EXERCISE INSTRUCTIONS:
Once you find the line with "پانسیون West End Haven" in the listing below, set down exactly every line from it through the line with "Women's Blue &", but no pictures.
LISTED ENTRIES: Begin
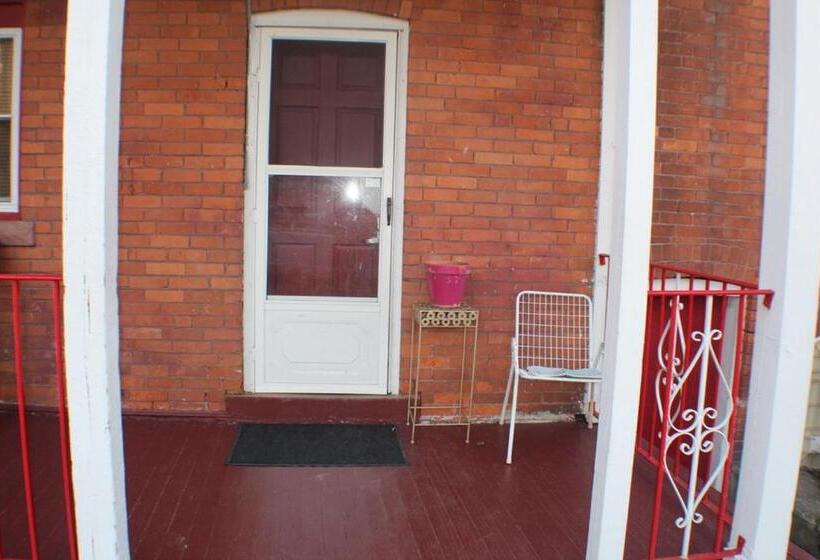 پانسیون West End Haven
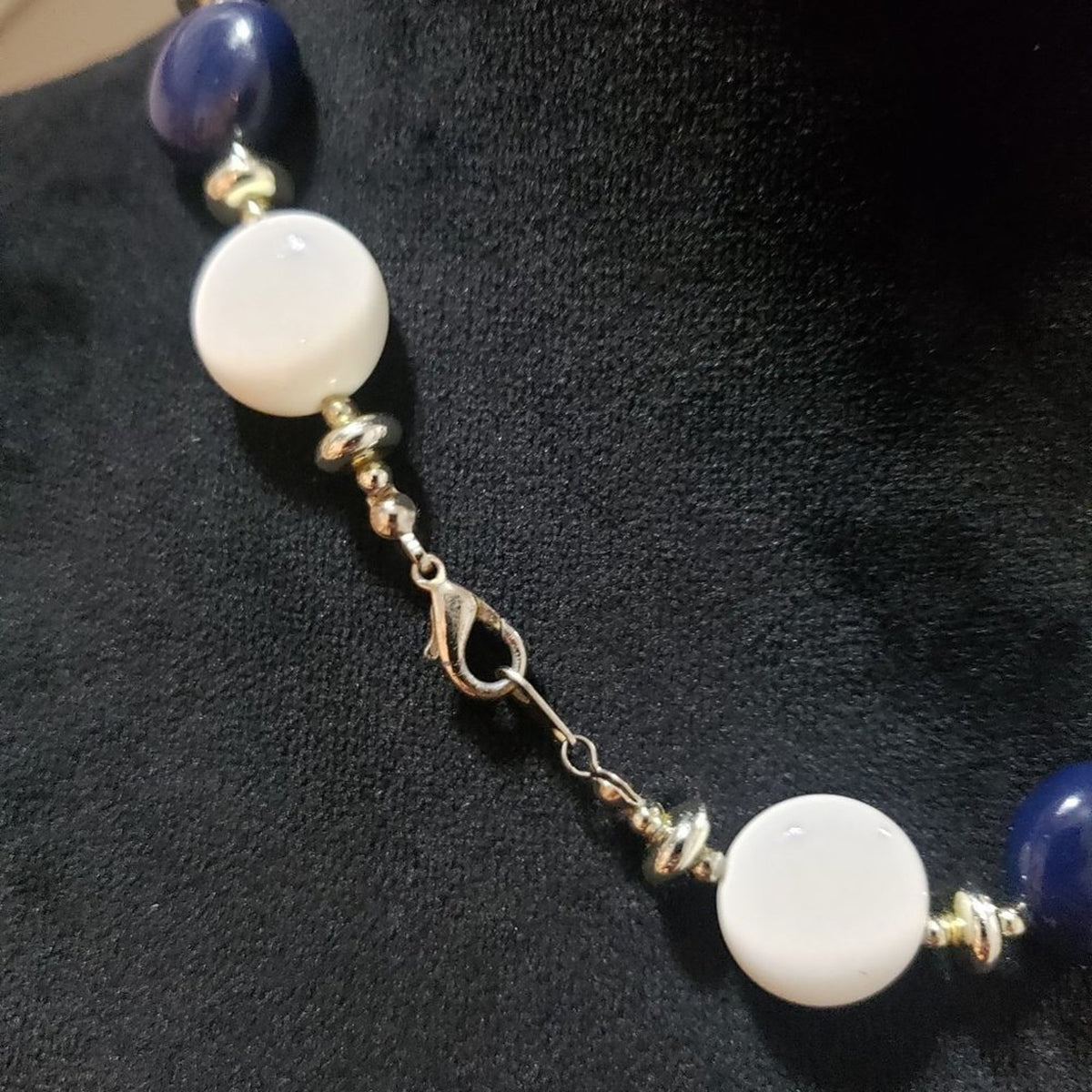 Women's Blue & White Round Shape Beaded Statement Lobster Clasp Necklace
LISTED ENTRIES: End
LISTED ENTRIES: Begin
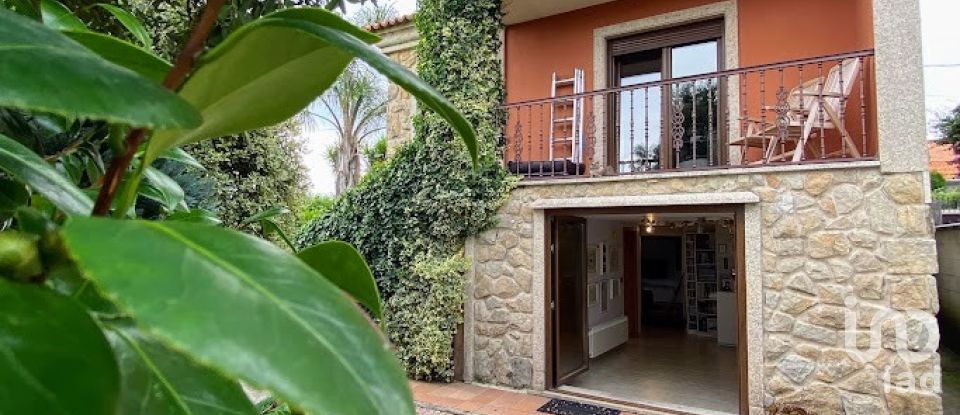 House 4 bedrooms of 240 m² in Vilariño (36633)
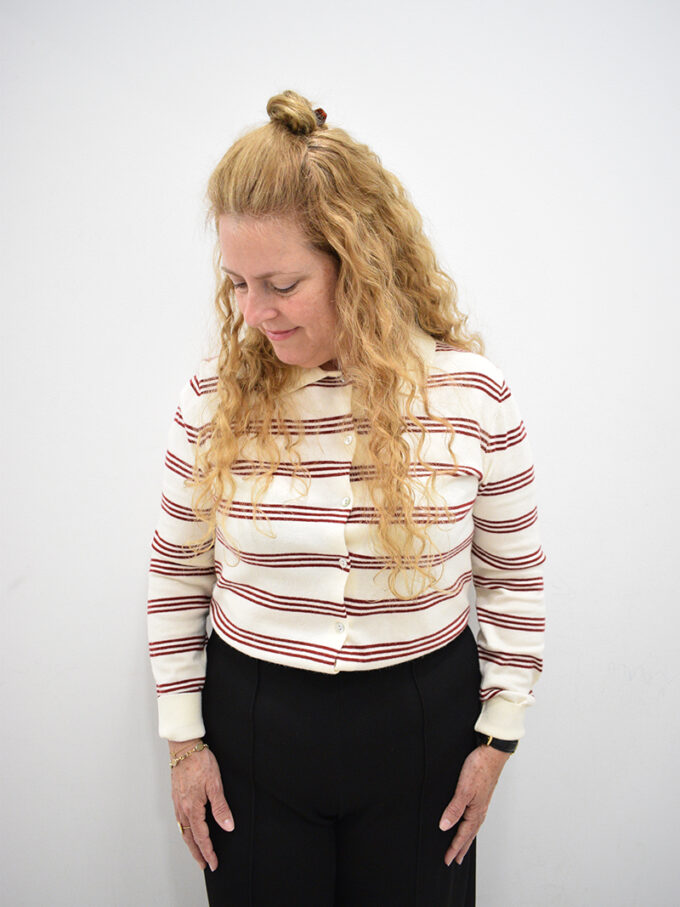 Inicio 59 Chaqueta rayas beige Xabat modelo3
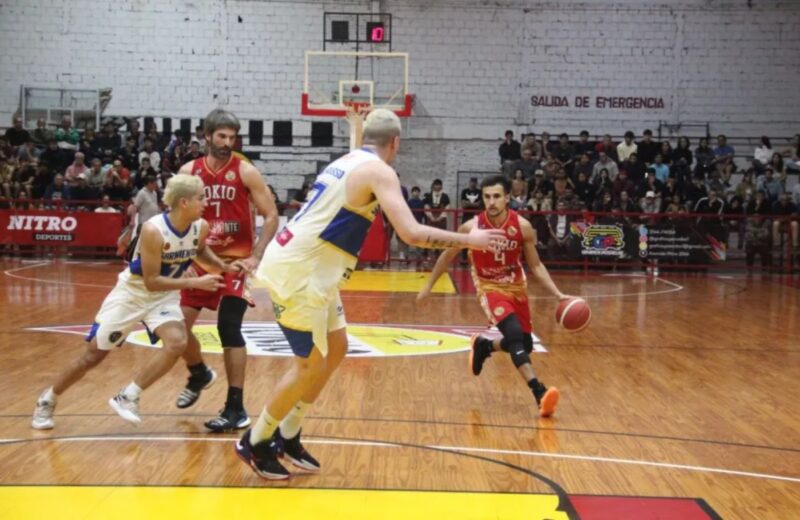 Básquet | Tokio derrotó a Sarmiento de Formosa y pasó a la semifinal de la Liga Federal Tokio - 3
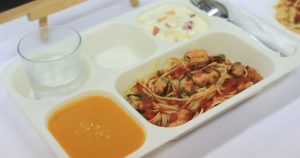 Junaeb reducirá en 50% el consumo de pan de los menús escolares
LISTED ENTRIES: End
RESULT OF THE EXERCISE:
 پانسیون West End Haven
 Women's Blue & White Round Shape Beaded Statement Lobster Clasp Necklace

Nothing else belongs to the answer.